CONCERT – L’Orchestre symphonique national de Lettonie, au grand complet auréole la scène provençale au cours d’un programme qui s’entend comme une grande invitation à danser, en dépit des malheurs du monde : valse mélancolique et langoureux vertige.
De la Musica Serena de Peteris Vasks (né en 1946), sorte d’adagietto planant pour cordes, jusqu’aux extraits (nous en avons compté huit) des suites I et II de Roméo et Juliette de Prokofiev, en passant par le Concerto pour piano n°2 de Rachmaninov, pierre cachée dans le cœur d’un joyau, c’est toute la Baltique qui semble traverser l’Atlantique et son groove jazzy essentiel.

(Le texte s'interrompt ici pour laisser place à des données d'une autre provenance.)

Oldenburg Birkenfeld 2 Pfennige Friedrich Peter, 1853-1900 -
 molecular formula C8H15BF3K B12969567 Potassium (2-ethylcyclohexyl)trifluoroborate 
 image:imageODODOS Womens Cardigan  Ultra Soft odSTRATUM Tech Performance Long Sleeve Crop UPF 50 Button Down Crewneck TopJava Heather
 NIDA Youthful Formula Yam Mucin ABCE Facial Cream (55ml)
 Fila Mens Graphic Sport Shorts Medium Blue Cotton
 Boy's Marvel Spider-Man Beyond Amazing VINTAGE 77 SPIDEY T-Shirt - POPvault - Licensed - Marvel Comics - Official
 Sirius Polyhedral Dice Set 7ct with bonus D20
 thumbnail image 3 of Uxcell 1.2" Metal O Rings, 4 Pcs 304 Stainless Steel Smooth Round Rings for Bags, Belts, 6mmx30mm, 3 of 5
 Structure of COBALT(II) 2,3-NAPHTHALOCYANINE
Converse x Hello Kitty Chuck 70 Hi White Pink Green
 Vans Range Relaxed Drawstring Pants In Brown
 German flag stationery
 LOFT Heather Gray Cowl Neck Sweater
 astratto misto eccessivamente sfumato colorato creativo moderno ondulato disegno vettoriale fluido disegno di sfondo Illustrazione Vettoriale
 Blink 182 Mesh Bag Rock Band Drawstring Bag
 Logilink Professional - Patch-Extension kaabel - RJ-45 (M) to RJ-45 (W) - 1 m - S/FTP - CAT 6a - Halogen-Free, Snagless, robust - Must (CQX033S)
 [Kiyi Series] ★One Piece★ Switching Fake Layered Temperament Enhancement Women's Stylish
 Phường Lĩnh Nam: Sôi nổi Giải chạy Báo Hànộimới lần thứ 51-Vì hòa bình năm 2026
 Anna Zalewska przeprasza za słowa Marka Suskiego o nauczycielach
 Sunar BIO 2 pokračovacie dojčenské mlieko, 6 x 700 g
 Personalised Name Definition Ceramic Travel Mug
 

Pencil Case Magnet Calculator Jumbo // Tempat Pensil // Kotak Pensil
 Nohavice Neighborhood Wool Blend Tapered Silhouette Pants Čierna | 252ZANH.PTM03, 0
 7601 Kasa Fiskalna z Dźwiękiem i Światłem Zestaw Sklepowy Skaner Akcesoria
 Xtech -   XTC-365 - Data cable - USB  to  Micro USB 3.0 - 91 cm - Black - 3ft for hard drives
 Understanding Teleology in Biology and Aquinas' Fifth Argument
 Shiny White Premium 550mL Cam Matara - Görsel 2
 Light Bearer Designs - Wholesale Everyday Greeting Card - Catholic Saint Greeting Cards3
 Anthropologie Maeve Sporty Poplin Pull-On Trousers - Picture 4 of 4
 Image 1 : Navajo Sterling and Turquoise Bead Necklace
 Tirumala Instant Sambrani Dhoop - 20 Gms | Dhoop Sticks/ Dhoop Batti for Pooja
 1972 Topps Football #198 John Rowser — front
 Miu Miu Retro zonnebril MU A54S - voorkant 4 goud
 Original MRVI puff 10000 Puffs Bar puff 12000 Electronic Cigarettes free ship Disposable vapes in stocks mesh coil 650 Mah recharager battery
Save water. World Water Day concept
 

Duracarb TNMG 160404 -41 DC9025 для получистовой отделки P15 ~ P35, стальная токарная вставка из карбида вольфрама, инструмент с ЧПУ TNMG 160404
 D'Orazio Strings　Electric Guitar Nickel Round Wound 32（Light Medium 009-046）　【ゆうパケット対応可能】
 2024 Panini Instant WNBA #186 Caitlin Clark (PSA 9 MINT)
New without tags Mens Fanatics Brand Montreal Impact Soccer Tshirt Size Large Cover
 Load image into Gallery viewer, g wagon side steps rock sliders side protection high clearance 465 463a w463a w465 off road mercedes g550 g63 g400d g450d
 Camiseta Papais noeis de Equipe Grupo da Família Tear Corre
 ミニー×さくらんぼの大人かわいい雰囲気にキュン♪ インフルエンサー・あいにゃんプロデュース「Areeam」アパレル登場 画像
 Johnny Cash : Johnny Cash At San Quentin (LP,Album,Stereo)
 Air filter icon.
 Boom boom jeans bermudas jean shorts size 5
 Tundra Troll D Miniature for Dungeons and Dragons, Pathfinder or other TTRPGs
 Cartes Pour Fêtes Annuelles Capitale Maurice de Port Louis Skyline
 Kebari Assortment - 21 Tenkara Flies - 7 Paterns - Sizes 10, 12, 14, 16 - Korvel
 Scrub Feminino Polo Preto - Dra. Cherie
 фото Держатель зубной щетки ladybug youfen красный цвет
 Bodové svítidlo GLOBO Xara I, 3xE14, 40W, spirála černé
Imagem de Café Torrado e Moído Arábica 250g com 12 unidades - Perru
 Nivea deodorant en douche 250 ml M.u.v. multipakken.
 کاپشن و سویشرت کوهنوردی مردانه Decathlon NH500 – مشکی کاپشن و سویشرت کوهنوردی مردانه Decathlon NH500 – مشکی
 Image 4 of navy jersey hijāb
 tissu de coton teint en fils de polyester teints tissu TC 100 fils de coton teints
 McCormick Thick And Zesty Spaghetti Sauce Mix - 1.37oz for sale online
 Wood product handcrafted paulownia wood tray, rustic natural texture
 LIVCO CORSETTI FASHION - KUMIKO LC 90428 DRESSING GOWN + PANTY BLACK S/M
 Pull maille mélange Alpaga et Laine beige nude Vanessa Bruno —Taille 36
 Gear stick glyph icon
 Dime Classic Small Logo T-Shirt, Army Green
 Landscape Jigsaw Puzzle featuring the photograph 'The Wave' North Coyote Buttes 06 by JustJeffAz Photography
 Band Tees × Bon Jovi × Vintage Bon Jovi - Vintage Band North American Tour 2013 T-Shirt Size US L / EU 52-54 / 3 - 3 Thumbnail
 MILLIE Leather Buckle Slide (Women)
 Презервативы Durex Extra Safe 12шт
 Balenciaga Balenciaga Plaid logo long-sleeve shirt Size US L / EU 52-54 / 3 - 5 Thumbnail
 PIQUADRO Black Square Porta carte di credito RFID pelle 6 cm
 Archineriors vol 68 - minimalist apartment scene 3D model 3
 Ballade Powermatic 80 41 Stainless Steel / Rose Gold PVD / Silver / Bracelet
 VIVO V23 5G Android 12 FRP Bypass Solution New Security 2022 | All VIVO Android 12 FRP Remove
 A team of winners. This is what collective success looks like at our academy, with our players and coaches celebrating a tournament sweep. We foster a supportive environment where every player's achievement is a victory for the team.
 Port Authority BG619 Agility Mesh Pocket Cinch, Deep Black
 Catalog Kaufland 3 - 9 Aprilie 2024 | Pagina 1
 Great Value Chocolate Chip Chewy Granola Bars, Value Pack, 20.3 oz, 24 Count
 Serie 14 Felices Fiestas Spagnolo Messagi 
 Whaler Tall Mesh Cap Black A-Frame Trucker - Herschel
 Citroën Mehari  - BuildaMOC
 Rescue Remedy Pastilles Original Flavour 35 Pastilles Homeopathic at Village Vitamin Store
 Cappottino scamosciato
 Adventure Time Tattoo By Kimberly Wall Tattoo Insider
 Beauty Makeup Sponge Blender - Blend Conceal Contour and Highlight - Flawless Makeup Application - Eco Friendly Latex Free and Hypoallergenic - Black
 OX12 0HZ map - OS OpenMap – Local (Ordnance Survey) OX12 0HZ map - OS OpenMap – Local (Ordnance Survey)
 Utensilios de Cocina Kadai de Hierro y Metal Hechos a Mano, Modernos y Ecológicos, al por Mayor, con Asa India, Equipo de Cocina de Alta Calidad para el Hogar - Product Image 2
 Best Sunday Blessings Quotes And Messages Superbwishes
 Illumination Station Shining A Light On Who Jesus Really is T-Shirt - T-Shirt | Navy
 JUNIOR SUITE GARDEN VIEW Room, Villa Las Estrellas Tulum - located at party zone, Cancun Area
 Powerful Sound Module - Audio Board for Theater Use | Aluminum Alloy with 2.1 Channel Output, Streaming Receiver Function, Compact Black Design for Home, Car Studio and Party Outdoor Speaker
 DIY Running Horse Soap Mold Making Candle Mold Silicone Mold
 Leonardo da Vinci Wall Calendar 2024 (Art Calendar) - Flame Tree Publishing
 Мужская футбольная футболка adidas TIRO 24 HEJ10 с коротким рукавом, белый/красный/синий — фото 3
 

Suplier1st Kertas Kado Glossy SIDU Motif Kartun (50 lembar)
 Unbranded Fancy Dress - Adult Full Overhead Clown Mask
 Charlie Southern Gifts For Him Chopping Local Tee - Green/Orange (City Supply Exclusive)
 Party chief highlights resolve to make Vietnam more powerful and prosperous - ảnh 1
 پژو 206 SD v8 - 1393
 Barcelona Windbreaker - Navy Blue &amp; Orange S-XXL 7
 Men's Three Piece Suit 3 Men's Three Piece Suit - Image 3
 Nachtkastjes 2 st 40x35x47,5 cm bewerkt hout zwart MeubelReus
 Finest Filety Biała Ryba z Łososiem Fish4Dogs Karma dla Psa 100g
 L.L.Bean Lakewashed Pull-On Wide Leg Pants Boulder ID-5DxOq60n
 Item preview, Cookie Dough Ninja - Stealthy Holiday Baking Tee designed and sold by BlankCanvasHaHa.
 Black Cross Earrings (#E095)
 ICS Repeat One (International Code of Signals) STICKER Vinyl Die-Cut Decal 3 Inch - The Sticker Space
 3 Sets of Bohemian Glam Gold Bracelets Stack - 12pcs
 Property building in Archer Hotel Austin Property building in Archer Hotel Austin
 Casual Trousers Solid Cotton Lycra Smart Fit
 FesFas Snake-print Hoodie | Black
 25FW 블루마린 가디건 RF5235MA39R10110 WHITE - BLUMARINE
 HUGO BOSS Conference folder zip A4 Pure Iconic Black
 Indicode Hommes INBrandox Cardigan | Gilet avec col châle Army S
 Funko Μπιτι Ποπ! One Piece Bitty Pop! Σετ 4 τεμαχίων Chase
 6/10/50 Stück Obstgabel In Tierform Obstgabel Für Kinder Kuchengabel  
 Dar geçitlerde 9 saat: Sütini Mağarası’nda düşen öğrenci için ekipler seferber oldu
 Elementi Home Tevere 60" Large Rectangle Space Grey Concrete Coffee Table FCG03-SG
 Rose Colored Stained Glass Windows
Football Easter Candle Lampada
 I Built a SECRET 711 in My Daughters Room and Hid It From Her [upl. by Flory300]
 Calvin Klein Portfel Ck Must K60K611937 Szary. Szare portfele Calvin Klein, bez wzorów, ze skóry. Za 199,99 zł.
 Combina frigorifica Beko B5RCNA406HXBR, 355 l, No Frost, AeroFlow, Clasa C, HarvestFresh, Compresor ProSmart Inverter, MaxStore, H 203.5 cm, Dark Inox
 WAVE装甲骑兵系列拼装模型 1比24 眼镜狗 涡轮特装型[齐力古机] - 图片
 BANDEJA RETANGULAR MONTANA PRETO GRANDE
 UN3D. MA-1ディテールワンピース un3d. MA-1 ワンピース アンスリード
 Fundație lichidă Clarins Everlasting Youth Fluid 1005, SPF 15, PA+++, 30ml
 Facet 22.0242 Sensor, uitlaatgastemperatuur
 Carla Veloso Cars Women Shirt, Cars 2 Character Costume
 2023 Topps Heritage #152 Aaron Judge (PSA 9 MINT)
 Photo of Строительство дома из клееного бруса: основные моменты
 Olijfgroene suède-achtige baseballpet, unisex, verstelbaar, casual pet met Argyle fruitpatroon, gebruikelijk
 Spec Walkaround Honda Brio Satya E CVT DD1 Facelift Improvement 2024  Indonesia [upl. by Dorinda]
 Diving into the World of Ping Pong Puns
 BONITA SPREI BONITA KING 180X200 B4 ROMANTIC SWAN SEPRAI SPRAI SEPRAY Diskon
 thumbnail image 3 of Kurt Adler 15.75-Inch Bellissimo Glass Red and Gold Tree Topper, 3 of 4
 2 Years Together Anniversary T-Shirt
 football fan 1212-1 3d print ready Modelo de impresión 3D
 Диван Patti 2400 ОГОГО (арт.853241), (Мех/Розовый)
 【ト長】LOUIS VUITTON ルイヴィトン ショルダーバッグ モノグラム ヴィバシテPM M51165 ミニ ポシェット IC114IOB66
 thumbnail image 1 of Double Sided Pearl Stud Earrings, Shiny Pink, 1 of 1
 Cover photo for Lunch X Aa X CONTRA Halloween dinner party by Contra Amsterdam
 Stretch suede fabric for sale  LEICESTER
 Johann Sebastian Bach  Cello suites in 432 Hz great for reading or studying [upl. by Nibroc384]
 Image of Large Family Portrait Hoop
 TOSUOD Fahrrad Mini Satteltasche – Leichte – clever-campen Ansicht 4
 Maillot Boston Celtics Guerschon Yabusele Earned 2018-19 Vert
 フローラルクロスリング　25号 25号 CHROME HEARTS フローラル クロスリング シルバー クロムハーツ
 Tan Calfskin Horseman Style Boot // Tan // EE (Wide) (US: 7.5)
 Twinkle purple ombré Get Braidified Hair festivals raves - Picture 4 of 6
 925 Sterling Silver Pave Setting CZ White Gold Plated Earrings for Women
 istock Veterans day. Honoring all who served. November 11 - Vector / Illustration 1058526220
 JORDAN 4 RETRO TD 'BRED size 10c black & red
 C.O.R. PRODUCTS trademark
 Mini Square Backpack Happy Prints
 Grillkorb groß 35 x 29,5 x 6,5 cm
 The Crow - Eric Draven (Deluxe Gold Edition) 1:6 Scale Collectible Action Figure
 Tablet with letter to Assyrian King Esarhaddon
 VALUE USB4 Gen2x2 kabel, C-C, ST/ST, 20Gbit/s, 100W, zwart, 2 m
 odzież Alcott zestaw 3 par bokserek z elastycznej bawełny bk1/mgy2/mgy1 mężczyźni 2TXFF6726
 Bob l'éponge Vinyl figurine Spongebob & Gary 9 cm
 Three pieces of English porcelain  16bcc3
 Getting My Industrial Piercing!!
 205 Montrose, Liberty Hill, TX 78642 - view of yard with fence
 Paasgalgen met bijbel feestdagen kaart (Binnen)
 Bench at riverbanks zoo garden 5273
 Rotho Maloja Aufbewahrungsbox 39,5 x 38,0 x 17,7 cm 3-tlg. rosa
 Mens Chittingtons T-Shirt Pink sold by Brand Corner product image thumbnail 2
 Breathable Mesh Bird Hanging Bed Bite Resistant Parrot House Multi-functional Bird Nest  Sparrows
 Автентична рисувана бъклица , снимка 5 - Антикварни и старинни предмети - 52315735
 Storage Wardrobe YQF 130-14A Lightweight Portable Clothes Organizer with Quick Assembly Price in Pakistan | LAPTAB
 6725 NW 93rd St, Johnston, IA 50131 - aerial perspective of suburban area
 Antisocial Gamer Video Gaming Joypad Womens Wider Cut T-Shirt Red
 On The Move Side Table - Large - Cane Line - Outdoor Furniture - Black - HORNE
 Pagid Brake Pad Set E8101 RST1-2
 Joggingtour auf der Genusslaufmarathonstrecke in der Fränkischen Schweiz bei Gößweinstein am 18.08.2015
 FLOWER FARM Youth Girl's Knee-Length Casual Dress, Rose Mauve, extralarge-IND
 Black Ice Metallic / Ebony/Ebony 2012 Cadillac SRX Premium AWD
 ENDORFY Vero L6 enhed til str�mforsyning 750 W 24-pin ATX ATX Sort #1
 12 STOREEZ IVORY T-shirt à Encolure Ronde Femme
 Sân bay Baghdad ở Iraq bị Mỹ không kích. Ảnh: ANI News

La musique adoucit les moeurs
Peut-être s’agit-il de construire une vision sereine et solide de la paix, évoquée par le chef, lors des saluts ? La clé du grand chant de la soirée est donnée dans les deux bis offerts : La valse triste de Sibelius, côté pianiste, La valse mélancolique d’Emils Darzins, côté chef d’orchestre.
L’Orchestre symphonique national de Lettonie tapisse entièrement le plateau du théâtre, annonçant la couleur du programme, en intensité, en variété et en présence. Spécialiste de musique balte, il est une institution depuis presque un siècle, s’acquittant d’une mission : conserver, créer et transmettre les œuvres du Répertoire. Chaque membre semble investi de cette mission, et cela se voit et s’entend, dans l’application des instrumentistes, la justesse des ensembles, la virtuosité des soli, vents en tête, du piccolo au rare saxophone, en passant par le cor. Ils adoptent tous un jeu propre, droit, « juste », dans tous les sens du terme.
À l’écoute, coûte que coûte
L’épais ruban des contrebasses rebondit avec l’équipe de choc des cinq percussionnistes, tandis que les archers frissonnent d’une même peau, fine et transparente. L’étoffe de la durée musicale, caresse des textures dorées, ombrées, parfois étranges. L’orchestre fait ainsi penser à une grande oreille, avec son lobe, son pavillon, son tympan, tant le jeu est « intelligent », c’est-à-dire, mutuellement construit et entendu, depuis la baguette du chef titulaire de la phalange.
Le jeune et jovial chef Andris Poga, à la tête de l’orchestre depuis 2013, ancien assistant de Paavo Järvi à l’Orchestre de Paris, canalise et transmet l’idéal de sublime simplicité, de plénitude, qui émane de l’interprétation de chaque opus. Son entrée fracassante sur scène se transforme en douceur, en complicité, en rondeur d’une main, tandis que l’autre, dans ce répertoire pré-moderne, ne doit pas lâcher la métrique.
Un soliste de pur esprit
Le soliste Andrei Korobeinikov pourrait être appelé un « pianiste de répertoire », tant il semble s’être approprié un monde sonore, en phase avec un groupe de compositeurs qui tiennent sur une main, Sibelius en tête et, bien sûr, Rachmaninov ce soir. La paume est large, les doigts sont longs, l’ensemble fait penser à une voûte de cathédrale gothique plus que romane, avec ses arêtes acérées, ses trouées lumineuses, ses croisées d’ogive. Le pianiste se tient à l’affut ou s’expose, sur un clavier fait de pavés de marbre blanc et noir.
Il pourrait être appelé, enfin, un « pianiste de composition », tant il semble avoir soumis son interprétation à l’exercice de la pensée, distillant tel tempo ici ou là : sublime temps suspendu dans l’introduction du concerto, affirmation intense du lyrisme au cœur de ses mouvements, chevauchée chtonienne des traits qui enveloppent la résonance de l’orchestre dans le grand ventre ouvert du piano. Une nervosité apparaît au début du troisième mouvement, qui, avec le matériau thématique principal – ample phrase sinueuse à la puissance quasi érotique – trouve finalement son ancrage dans le grand océan de l’œuvre.
La clarinette, avec le dernier bis, fume le chalumeau de la paix. Le public reçoit ce puissant message de paix avec des étoiles dans le cœur, les oreilles et les mains, qui s’illuminent et filent lors des applaudissements, chaleureux, nourris et reconnaissants.